Nevada Historical Marker
- Reference no.: 42

= Big Smoky Valley =

The Big Smoky Valley is a landform of the Tonopah Basin between the Toiyabe and Toquima mountain ranges. It is about 100 miles (160 km) in length.

Big Smoky Valley was named after the haze that frequently settled there. It is known by other names (some with different spellings): including Great Smoky Valley, Smokey Valley, Smoky Valley, Wen-A-No-Nu-Fee Valley, and Won-A-No-Nu-Fee Valley. The U.S. Geological Survey usually refers to it as "Big Smoky Valley," but the chamber of commerce in the valley calls itself the Greater Smoky Valley Chamber of Commerce.

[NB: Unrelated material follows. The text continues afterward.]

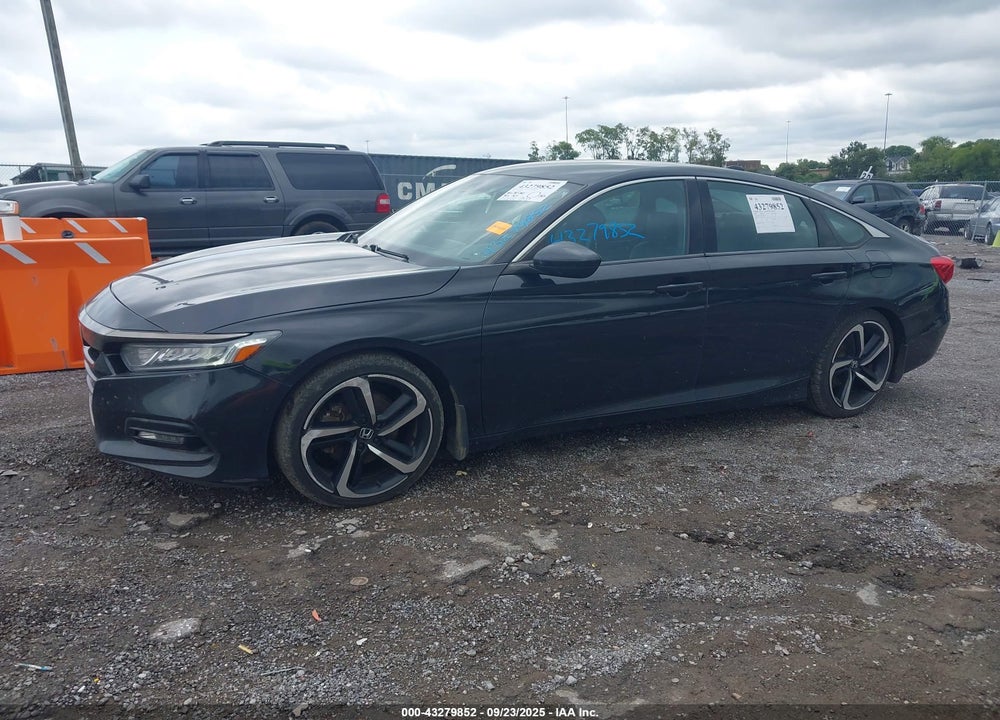 2018 HONDA ACCORD SPORT VIN: 1HGCV1F33JA024568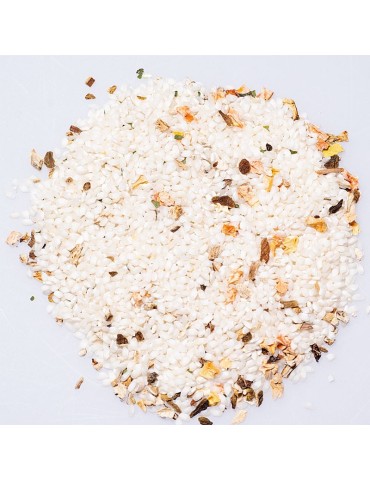 Risotto aux cèpes et au potiron en vrac 2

Approximately 2,500 people live in the valley, which has seven small communities. There is an open-pit gold mine at the southern end of the valley, and local industry includes mining, agriculture, and ranching. The valley traverses three counties: Esmeralda, Nye, and Lander. Average yearly precipitation in most of the valley is less than 10 in. The North and South Twin Rivers flow into the Big Smoky Valley—the latter at an elevation of 6401 ft—and the water is completely diverted except during periods of high flow.

The American Discovery Trail crosses the Big Smoky Valley from Jefferson to Carvers and on to South Twin Campground.